Mamma Gianna afferra il giaccone di Ernesto e fa per inseguirlo “Neno, avrai fredd...” Thabit la
afferra per un braccio “Torna indietro piccola signora, non avrà freddo il tuo ragazzo, vieni, siediti
con noi” poi porta da mangiare a Caciù e a Beniamino, il quale riflettendo, fra un boccone e l’altro,
dice “Albine! lei sapeva tutto. Ci ha costretto a venire nonostante la stagione, dicendo che dovevamo
assolutamente portarvi i biscotti, dicendo che eravate senza tisane, incaricandoci di comperarle della
liquirizia che assolutamente le serviva in un certo negozio di Pigalle... strega di un’Albine!” Whitman
ridendo “Te ne sei accorto adesso?” “No, ma mi ha fregato ancora una volta. Perché le donne capiscono
sempre prima?” le donne si guardano e si strizzano l’occhio, per tutte loro parla Sara la vecchia
zingara “Perché noi siamo da sempre abituate ad usare la testa e voi le mani. Ma non disperate, potete
farcela!” un attimo di silenzio “Proprio così” dice Micol ridendo “Ma non vi abbattete, vi amiamo lo
stesso, un brindisi all’amore!” ognuno propone un brindisi “A Ernesto e Esmeralda!” “Ai cuochi!”
“Alla vita!” “Agli Arcobaleno!” “chi sono gli Arcobaleno?” chiede Gianna “È proprio una cosa di cui
volevo parlarvi” Whitman si siede fra lei e Luciano “Dovete sapere...”

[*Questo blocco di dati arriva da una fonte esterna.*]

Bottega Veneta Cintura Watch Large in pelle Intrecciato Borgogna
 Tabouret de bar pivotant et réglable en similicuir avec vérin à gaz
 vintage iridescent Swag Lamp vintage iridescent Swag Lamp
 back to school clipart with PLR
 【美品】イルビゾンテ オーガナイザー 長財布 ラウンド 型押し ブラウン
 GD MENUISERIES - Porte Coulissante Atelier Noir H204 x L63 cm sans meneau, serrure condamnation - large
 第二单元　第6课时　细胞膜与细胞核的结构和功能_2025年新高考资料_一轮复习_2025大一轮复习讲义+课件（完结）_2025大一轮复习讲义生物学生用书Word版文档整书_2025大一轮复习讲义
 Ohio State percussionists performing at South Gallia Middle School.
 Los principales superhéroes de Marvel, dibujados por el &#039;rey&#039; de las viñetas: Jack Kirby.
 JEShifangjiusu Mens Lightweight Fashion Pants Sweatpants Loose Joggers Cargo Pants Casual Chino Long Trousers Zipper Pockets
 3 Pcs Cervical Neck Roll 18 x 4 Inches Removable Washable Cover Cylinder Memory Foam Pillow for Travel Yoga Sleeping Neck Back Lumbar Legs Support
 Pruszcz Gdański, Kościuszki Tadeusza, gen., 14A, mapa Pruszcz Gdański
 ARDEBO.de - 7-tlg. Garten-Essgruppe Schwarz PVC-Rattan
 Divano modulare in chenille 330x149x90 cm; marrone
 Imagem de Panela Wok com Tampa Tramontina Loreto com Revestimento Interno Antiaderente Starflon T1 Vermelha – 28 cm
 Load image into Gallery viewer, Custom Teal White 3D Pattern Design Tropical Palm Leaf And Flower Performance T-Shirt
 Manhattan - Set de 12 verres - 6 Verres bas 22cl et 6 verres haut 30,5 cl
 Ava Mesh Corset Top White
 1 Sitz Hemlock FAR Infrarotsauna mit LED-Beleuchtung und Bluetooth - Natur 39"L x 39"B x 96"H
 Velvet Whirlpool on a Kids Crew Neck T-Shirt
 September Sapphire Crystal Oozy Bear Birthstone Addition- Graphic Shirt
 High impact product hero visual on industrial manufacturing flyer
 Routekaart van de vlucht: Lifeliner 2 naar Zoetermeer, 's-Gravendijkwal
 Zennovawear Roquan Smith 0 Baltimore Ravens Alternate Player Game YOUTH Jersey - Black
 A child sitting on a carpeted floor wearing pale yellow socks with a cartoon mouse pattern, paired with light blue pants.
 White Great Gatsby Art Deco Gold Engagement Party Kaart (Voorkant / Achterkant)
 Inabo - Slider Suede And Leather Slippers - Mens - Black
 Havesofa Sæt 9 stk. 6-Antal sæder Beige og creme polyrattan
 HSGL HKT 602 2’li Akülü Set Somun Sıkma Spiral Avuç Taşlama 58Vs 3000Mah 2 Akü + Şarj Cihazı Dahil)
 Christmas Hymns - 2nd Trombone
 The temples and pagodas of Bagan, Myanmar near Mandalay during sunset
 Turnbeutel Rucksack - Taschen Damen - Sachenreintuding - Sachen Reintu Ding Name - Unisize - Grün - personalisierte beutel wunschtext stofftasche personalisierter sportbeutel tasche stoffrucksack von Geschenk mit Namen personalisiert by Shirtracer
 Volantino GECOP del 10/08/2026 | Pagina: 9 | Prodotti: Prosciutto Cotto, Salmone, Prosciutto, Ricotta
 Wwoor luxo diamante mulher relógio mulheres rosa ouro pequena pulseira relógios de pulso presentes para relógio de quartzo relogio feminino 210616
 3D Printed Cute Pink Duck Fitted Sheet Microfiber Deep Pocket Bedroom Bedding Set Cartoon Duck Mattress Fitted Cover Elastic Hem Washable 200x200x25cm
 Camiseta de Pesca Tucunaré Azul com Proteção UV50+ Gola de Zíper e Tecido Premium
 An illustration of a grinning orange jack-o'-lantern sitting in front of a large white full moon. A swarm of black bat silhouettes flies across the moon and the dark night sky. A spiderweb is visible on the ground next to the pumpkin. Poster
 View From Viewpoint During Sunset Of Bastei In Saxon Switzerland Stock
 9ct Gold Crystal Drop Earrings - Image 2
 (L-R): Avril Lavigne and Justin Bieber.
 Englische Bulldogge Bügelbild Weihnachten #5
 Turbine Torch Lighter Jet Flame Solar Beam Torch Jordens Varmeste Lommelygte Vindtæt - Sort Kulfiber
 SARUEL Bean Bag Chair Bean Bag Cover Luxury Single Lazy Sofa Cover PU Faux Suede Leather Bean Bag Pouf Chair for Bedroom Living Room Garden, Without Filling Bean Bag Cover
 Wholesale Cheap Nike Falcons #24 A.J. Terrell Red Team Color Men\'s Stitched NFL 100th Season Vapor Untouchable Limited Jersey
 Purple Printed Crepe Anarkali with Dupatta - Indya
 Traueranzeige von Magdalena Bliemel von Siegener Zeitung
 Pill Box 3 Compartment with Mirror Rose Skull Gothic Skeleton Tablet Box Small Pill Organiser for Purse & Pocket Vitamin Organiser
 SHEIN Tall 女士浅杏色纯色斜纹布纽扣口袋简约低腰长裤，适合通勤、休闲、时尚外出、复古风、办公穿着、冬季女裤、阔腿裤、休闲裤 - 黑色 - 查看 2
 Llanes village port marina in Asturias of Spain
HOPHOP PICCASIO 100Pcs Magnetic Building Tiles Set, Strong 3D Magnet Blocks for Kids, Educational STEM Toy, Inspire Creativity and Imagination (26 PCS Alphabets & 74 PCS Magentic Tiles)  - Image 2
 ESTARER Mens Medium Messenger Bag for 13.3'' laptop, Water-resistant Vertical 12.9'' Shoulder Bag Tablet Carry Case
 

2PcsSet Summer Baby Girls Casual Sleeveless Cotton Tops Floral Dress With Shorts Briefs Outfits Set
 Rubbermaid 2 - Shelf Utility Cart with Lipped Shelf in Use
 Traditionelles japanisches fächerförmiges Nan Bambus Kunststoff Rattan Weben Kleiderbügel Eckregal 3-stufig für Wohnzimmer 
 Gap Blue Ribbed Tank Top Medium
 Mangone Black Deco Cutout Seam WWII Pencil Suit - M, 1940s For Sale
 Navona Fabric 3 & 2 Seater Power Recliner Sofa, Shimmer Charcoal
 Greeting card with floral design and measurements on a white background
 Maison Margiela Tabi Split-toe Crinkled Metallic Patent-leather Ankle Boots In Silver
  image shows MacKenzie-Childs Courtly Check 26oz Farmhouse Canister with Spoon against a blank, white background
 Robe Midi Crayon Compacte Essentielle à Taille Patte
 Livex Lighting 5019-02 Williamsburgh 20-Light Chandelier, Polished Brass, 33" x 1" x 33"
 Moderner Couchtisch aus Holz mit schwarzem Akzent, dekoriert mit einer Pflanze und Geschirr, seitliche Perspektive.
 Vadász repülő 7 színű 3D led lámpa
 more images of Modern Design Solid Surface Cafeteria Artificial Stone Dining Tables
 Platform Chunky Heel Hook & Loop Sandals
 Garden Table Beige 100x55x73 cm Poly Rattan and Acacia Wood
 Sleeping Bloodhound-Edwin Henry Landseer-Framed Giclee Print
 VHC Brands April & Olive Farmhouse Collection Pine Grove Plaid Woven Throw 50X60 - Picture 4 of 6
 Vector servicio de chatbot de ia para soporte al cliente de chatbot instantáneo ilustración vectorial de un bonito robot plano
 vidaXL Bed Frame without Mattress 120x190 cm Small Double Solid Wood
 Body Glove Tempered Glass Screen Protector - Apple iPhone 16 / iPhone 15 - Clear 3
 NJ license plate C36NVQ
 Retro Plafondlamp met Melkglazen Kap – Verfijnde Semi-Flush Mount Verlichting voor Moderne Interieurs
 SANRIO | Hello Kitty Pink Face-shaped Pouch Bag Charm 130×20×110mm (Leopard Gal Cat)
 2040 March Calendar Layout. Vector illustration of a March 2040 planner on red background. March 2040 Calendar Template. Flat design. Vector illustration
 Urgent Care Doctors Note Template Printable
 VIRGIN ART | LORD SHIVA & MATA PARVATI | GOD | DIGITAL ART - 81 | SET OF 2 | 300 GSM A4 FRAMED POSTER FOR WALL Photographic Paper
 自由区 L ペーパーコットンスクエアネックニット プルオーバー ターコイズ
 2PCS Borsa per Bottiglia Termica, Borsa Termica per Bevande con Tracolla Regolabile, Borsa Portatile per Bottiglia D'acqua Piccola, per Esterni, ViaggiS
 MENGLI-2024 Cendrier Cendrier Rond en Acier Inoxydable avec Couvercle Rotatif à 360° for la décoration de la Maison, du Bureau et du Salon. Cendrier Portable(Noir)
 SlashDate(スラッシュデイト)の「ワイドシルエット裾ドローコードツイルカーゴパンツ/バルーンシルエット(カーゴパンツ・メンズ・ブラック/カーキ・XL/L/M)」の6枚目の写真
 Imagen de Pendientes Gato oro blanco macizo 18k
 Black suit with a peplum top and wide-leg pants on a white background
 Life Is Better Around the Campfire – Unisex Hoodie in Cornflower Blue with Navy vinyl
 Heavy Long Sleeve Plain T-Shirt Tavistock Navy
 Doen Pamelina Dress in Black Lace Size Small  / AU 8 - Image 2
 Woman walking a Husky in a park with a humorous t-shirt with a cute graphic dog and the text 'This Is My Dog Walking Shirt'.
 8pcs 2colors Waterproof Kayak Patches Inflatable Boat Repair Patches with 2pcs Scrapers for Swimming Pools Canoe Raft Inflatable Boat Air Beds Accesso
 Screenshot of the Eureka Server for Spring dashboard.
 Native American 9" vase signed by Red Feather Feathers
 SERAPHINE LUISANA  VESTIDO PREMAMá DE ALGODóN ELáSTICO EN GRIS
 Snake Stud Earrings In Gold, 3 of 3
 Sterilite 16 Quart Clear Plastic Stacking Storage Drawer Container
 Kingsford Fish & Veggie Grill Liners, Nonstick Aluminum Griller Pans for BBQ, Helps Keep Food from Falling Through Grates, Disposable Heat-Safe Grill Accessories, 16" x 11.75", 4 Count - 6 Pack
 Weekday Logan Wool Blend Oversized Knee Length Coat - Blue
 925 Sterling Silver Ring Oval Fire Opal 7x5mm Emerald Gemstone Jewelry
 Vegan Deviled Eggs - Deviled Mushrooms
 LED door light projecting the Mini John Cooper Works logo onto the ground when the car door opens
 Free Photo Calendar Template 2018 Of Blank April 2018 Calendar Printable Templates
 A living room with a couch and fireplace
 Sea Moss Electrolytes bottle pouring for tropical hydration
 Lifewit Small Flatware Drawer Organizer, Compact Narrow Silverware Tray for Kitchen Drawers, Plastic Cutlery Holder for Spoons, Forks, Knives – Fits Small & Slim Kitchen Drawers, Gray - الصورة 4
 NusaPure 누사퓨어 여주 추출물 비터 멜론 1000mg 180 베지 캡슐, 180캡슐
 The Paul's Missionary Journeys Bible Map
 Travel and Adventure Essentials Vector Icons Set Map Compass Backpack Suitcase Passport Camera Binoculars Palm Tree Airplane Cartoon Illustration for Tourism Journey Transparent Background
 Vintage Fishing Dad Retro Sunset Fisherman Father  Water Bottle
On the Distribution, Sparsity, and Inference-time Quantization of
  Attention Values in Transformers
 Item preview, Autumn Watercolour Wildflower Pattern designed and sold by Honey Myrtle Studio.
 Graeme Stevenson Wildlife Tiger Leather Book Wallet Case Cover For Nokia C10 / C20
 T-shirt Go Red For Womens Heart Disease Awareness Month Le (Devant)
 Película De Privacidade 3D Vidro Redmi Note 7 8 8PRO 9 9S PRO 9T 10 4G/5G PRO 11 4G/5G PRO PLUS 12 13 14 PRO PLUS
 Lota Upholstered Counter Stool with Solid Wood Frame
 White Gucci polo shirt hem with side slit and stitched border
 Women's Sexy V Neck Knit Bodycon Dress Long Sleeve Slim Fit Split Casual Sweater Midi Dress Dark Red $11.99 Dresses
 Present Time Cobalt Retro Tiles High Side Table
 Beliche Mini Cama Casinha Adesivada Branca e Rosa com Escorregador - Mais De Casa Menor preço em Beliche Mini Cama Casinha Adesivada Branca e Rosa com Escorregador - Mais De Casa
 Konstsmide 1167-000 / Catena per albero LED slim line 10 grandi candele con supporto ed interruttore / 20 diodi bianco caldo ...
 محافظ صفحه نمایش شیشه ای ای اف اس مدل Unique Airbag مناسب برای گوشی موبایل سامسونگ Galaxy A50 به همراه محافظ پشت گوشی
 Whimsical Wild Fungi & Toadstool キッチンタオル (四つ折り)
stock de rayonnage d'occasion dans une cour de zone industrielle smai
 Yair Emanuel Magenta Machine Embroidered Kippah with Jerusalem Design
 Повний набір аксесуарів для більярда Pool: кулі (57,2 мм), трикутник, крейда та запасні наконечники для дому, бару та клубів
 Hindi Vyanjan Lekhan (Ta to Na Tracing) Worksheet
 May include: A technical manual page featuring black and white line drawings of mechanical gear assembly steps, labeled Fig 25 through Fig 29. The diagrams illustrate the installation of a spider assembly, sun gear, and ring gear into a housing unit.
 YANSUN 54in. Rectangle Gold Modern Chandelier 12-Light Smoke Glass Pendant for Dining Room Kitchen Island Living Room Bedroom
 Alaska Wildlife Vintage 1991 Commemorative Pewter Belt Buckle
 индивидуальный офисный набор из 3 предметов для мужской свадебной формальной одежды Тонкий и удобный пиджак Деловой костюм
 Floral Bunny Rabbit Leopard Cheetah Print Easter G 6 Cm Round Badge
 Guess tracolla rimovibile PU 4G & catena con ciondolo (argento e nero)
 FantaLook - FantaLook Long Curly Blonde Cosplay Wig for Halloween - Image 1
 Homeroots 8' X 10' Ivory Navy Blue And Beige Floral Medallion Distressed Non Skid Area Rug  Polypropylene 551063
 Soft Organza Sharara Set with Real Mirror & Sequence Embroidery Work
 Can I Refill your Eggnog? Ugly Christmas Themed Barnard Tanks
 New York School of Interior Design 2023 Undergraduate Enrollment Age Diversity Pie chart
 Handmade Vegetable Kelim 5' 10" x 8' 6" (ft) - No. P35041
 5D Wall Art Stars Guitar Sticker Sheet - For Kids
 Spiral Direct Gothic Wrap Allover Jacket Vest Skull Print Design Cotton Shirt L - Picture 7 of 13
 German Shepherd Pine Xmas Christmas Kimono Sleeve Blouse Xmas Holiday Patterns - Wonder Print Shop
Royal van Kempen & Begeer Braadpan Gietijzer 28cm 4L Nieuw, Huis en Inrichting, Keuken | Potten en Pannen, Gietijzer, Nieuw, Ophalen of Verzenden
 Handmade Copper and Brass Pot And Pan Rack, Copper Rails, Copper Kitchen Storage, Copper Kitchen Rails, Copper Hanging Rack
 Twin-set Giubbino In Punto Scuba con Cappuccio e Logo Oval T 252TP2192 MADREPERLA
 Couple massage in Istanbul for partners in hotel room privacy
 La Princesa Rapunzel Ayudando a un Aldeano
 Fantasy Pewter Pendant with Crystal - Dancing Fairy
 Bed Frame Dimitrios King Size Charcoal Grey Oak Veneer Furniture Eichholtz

Milo riprende il violino. Musica!
Uobbi sorride e scuote le orecchie, “Il futuro sarà meraviglioso” pensa e si addormenta felice.
“Hei, Uobbi svegliati, adesso la storia è proprio finita?” lui apre gli occhi e mi guarda “Certo che no,
questa storia finirà solo quando il mondo sarà un unico arcobaleno. Il bello deve ancora arrivare, tu
che cosa dici?” “Dico che ora devo proprio andare, ciao amico mio, a presto allora e...abbi cura di
Ernesto” Uobbi alza una zampa “Lui è al sicuro, attenti voi là fuori” e si rimette a dormire.
Allontanandomi sento bofonchiare “A presto, ti aspetto”.
“Ma come” mi ha detto qualcuno “E i colpi di scena? E il cattivo che uccide? Il sangue, i morti e
tutto il resto, dove sono? Qui sono tutti buoni!”
Già son tutti buoni. Questa è solo una fiaba. Per trovare il sangue, i morti, il cattivo che uccide e tutto
il resto basta accendere il televisore. Ancora per qualche tempo.